23. A transdermal delivery device according to claim 22, characterized in that said active ingredient- is estradiol and said steroid hormone that acts as an inhibitor of crystallization is estrone.

24. A transdermal delivery device according to claim 22, characterized in that the active drug component comprises norethindrone acetate and 17-β-estradiol and the steroid hormone that acts as an inhibitor of crystallization is estrone.

25. A transdermal delivery device according to claim 22, characterized in that said active drug component is testosterone and the steroid hormone that acts as an inhibitor of crystallization is estrone.

26. A transdermal administration device according to any of claims 15 to 25, characterized in that the amount of said steroid hormone in said device is between 0.05 and 1% by weight of the total content of said body of material excluding the solvents of the adhesive.

27. A transdermal delivery device according to claim 26, characterized in that said quantity of said steroid hormone in said device is between 0.05 and 0.5% by weight of the total content of said body of material excluding the solvents of the adhesive.

28. A transdermal delivery device according to any of claims 15 to 27, characterized in that the amount of said steroid hormone in said body of material is between 1 and 10% by weight relative to the total amount of said active hormone or said active hormones .

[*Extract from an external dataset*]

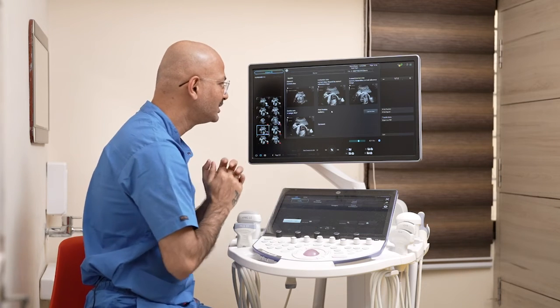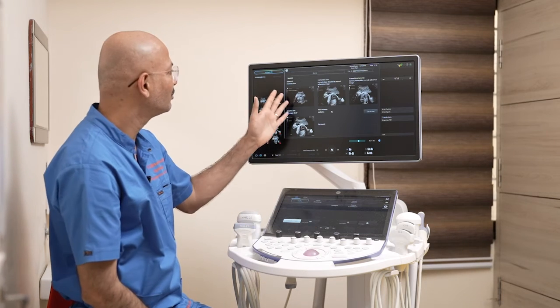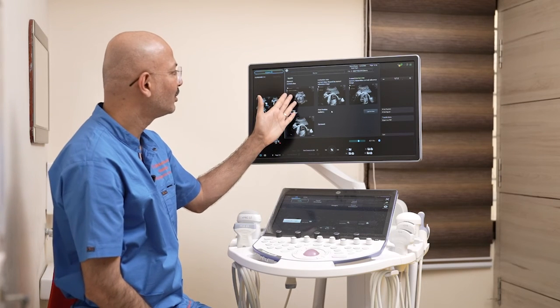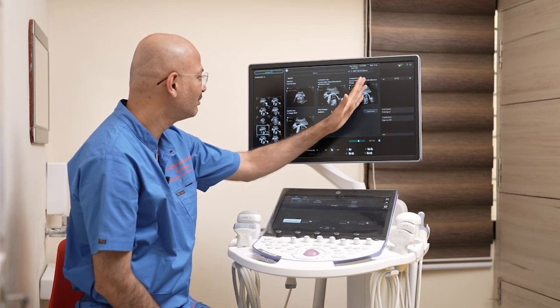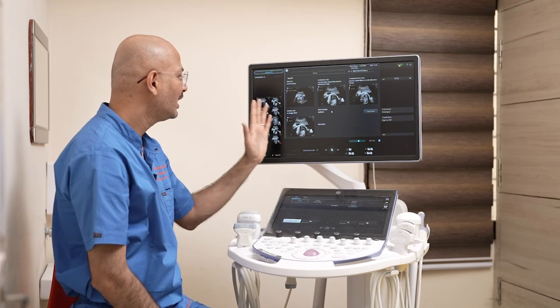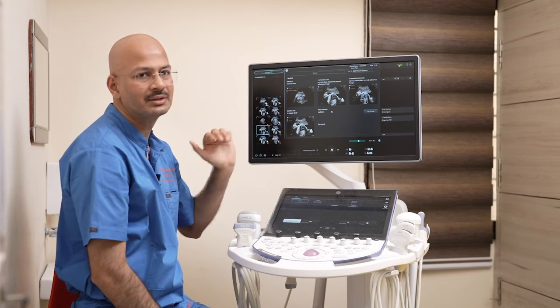Now the report has been generated along with the normal situs, four chamber, three vessel, and the cardiac axis.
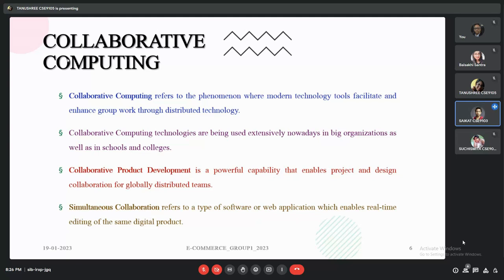This technique is extensively used nowadays in schools, colleges, and big organizations. After lockdown due to COVID-19, collaborative computing became a daily routine for most people and paved the way for virtual work or work from home. Collaborative product development enables project and design collaboration for globally distributed teams, and simultaneous collaboration refers to software enabling real-time editing, like Google Sheets where many people can edit different data simultaneously.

29. The use of a steroid hormone as an additive in the manufacturing or storage process of a transdermal device that acts as an inhibitor of crystallization by inhibiting the crystallization, during storage of the device, of an active hormone that is present in the device for the purpose of of having a pharmaceutical or physiological effect in the use of the device, wherein the active drug is in a state of saturation or supersaturation in said device, said steroid hormone being inhibitor of crystallization present in the device in an insufficient amount to cause a Pharmacological or physiological effect when using the device. : INHIBITION OF CRYSTALLIZATION IN TRANSDERMAL DEVICES SUMMARY OF THE INVENTION A steroid is used as an additive in the manufacture of a transdermal delivery device 5 drug, to act as an inhibitor of crystallization by inhibiting the crystallization, during storage of the device, of an active drug in the form of a hormone having a pharmaceutical or physiological effect when using the device. The steroid inhibitor of The crystallization is present in the device in an insufficient amount to cause a significant pharmacological or physiological effect when using the device.